Da qui alle dichiarazioni dell’ex sindaco di Cetraro Mario Marchetti il passo è brevissimo.

“Esse – osserva il magistrato ispettore – rendono il clima in cui si andranno ad innestare gli elementi di rilevanza disciplinare che verranno successivamente”.

Mario Marchetti era il sindaco di Cetraro quando venne assassinato Giovanni Losardo.

“Ero io sindaco quando fu pubblicato, a cura dell’amministrazione che presiedevo, il volume dei motivi a sostegno dell’appello proposto dal pm avverso la sentenza emessa in data 20 marzo 1986 dalla Corte d’assise di Bari nei procedimenti riuniti a carico di Francesco Muto e altri. Non sono io invece l’ispiratore dell’interrogazione parlamentare degli onorevoli Mundo e Principe…

Io ho subito numerosi processi che riguardano la mia attività di sindaco, di amministratore e, soprattutto, di politico impegnato nella lotta contro la mafia e la delinquenza in genere. Questa, almeno, è l’interpretazione che io dò delle vicende processuali che mi hanno coinvolto… In tutte queste mie vicende io non posso fare a meno di vedere un atteggiamento di particolare rigore nei miei confronti da parte della procura di Paola. Ogni lettera anonima che arrivava sul mio conto (e ce ne sono state tante) formava motivo di indagini mentre non mi pare che così accadesse per altri pubblici amministratori…

Riferendomi ancora all’attività della magistratura nella materia attinente al territorio, ricordo un’azione a largo raggio iniziata recentemente per l’occupazione di suolo demaniale. Anche in questo caso, però, io noto delle circostanze che potrebbero essere fortuite e dipendere da semplici esigenze cronologiche. Mi riferisco al fatto che, in alcuni casi, viene disposto lo sgombero degli edifici con la forza pubblica mentre in altri che, secondo il comune sentire dell’uomo della strada, appaiono più gravi, fino a questo momento non si è proceduto”.

Marchetti, a questo punto, espone alcuni esempi specifici.

“Posso citare il palazzetto sul porto di Cetraro, ove abita una famiglia di pescatori. Questo palazzetto si trova accanto alla pescheria di Muto, che è chiusa perché, a suo tempo, era stata sottoposta a sequestro, anche se non si era riusciti a demolirla, malgrado le pressioni del sottoscritto e dell’allora prefetto Catenacci. Si dice che, attualmente, sia stata acquisita al patrimonio dello stato…”.
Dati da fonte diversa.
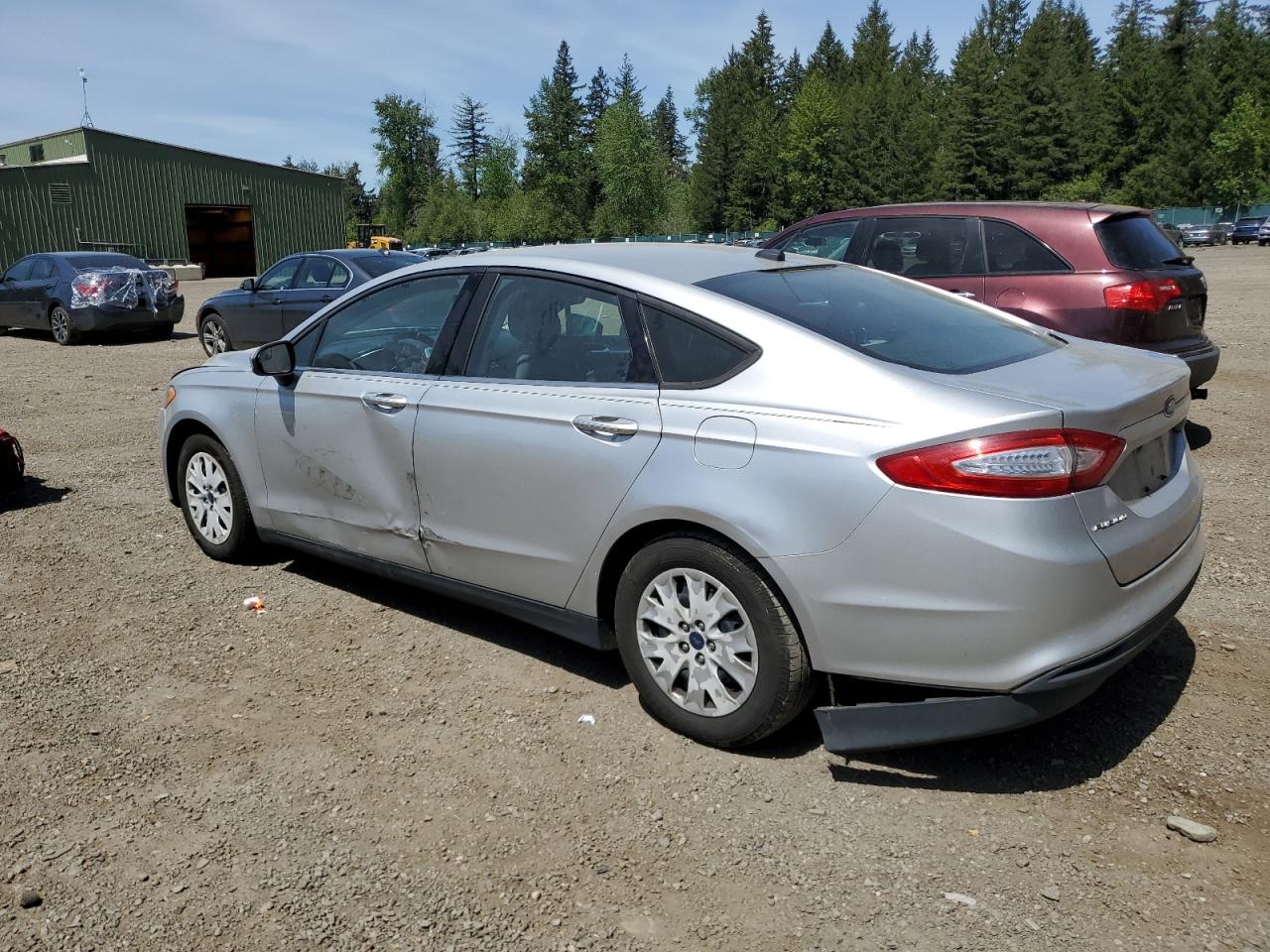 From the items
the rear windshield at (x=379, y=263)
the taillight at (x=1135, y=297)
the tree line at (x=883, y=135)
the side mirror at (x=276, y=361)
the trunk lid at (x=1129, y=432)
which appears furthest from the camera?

“Voglio ancora precisare che quando io parlo della procura di Paola, sia in questo verbale che negli interventi politici che ho fatto all’esterno, non mi riferisco mai al procuratore capo, dottor Tommaso Arnoni, del quale ho la massima stima. Ma al sostituto dottor Luigi Belvedere…”

L’ultima parte della deposizione di Mario Marchetti è decisamente la più drammatica.
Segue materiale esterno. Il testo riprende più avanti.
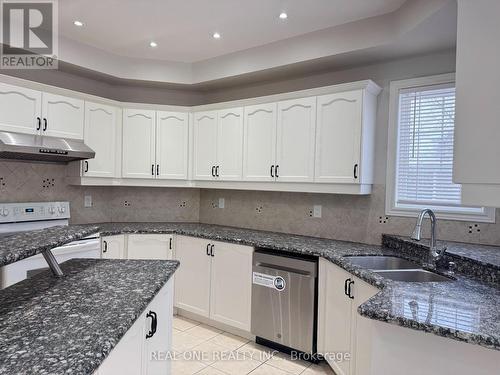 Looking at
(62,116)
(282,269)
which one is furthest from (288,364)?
(62,116)

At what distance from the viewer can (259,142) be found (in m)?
3.23

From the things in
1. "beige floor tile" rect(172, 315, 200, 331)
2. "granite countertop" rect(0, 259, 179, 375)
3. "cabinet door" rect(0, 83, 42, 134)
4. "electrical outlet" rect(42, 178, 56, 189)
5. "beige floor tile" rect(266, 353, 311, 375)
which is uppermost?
"cabinet door" rect(0, 83, 42, 134)

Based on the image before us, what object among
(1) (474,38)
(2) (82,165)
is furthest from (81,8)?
(1) (474,38)

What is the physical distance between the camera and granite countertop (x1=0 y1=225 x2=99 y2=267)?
1.28 metres

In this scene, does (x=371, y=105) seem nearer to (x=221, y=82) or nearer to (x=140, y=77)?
(x=221, y=82)

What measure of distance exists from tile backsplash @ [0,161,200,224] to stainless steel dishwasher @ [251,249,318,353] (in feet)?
5.09

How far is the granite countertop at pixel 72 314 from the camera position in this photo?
0.88m

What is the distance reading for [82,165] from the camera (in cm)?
328

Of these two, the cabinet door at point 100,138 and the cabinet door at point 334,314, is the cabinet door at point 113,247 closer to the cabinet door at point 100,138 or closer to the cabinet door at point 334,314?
the cabinet door at point 100,138

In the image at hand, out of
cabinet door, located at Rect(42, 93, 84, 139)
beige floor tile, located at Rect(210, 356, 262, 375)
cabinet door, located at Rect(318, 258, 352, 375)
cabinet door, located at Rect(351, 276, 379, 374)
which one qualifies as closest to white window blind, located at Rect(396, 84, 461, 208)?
cabinet door, located at Rect(318, 258, 352, 375)

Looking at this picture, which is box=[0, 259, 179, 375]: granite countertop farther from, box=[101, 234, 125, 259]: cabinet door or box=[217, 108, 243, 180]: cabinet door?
box=[217, 108, 243, 180]: cabinet door

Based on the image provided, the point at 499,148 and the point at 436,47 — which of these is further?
the point at 436,47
“Io ho sempre pensato, come cittadino e anche come sindaco, che il dottor Belvedere avrebbe dovuto essere allontanato dopo il processo che lo ha visto coinvolto e che, peraltro, lo ha visto assolto. Mi pare strano che, dopo averlo tanto combattuto (nelle mie funzioni di sindaco, s’intende, e non sul piano personale) in relazione alla vicenda Muto, io mi ritrovo ad essere soggetto allo stesso magistrato…

Voglio ancora aggiungere senza formulare giudizi che non mi competono, che io ho paura di questa giustizia. Io non voglio più essere giudicato da questi magistrati.

La gente qui si chiede se dobbiamo assuefarci a questo stato di cose o se dobbiamo continuare la lotta per una vita civile migliore”.